At GEOFON data centre is very difficult to offer big pre-assembled datasets to be downloaded, due to the resources needed for their storage. In this context, the idea of using a Data Collections System (DCS) in order to define and save this type of dataset is very appealing, because we can define collections containing only "pointers" (e.g. PIDs, URLs) to the files which are included. This implies almost no extra storage, as only the pointers are saved.

Therefore, we implemented this DCS based on an extended version of RDA WG specification on research data collection and make it generic enough and ready to be adopted by different communities within EOSC. Currently, 6000+ collections and 1.5+ million members were defined in the internal service.  

Challenges addressed

This use case aims at making the Data Collections System, designed within the activities of RDA, generic enough and ready to be adopted by different communities within EOSC.

The system aims at :

  • Building aggregations or data collections of different data objects as an essential element in the Research Data Management practice.
  • Describing the research data collections in a standardized way to make them actionable by automated processes in order to be able to cope with the increasing amounts and volumes of data.

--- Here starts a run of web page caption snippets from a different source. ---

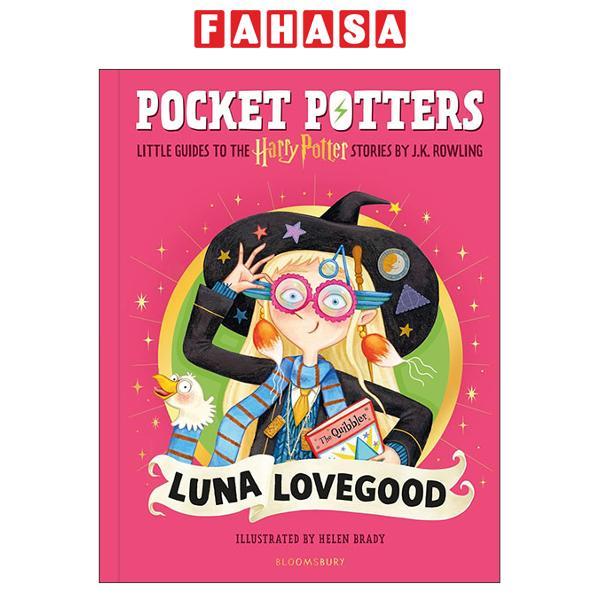 Sách ngoại văn: Luna Lovegood (Bìa Cứng)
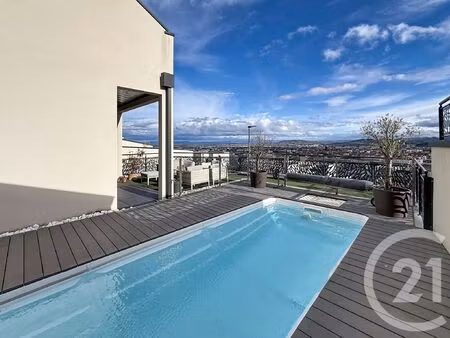 achat maison 6 pièces 160m² clermont ferrand 63000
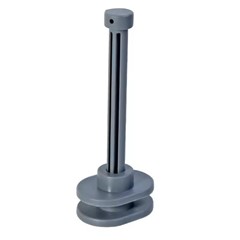 BEST BST-017 Syringe-Type Plastic Booster Rod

Benefits through EOSC-Pillar

This use-case relies on – and demonstrates the benefits of – EOSC-Pillar services as follows:

  • Improve the current system by revisiting the RDA specifications based on the feedback we received from our partners in EOSC-Pillar.
  • Deploy the service in production and foster its usage within communities partaking the project,

Highlights

Achievements as of May 2021:

  • MS28 Code for the improved Data Collection System.
  • We revised the requirements from the seismological community for such a system.
  • An implementation following this specification had been in use for some time at GEOFON, where more than 6000 collections and 1.5 million members for datasets had been pre-defined by the data centre operators. However, this system was only of internal use.
  • After revising the requirements, we modified the system in order to make completely generic and ready to be tested by other communities.
  • One of the best aspects, regarding the resources needed to put the service in production, is that the members of a collection are identified by PIDs (DOIs, ePIC), what means that almost no space is needed to define them. Within the context of this project, we added the capability to identify resources by URL, making the system independent from a Handle server in case that some resources (or the collection itself) needs to be identified.
  • The identification of improvements to the current system by revisiting the RDA specifications is already advanced.
  • A first set of requirements were collected from communities and other Use cases of the project. In particular, from Climatology, taking DKRZ as an example, and the Federated FAIR Data Space (F2DS).

 

Next steps:

  • Deploy Data Collection System as a service to be evaluated how feasible is to open it to more communities.
  • Contact other communities to foster usage of the system.
  • Implement extensions and improvements to the RDA Recommendations. For instance, the automatic export to the Federated FAIR Data Space developed.
  • Demonstrate the service in production.